2.3.6.8.6. UART

2.3.6.8.6.1. Description

This example demonstrates communication using the Red Pitaya UART protocol. The code below simulates a loopback by sending a message from the UART TX connector to the UART RX connector on the Red Pitaya.

Note

When establishing UART communication with Red Pitaya and another device do not forget to connect the External Common Mode (GND) pin. Otherwise, the results might be unreliable.

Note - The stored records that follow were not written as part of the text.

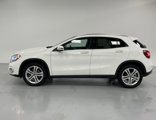 Used 2020 Mercedes-Benz GLA 250 4MATIC image 2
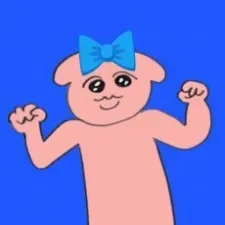 Suko, Onkun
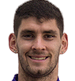 https://img.hkqjy.net/img/football/player/577b1bf030b87043c2119680c0fa8947.png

2.3.6.8.6.2. Required hardware

• Red Pitaya

2.3.6.8.6.3. Code - C

Note

Although the C code examples don’t require the use of the SCPI server, we have included them here to demonstrate how the same functionality can be achieved with different programming languages. Instructions on how to compile the code are here.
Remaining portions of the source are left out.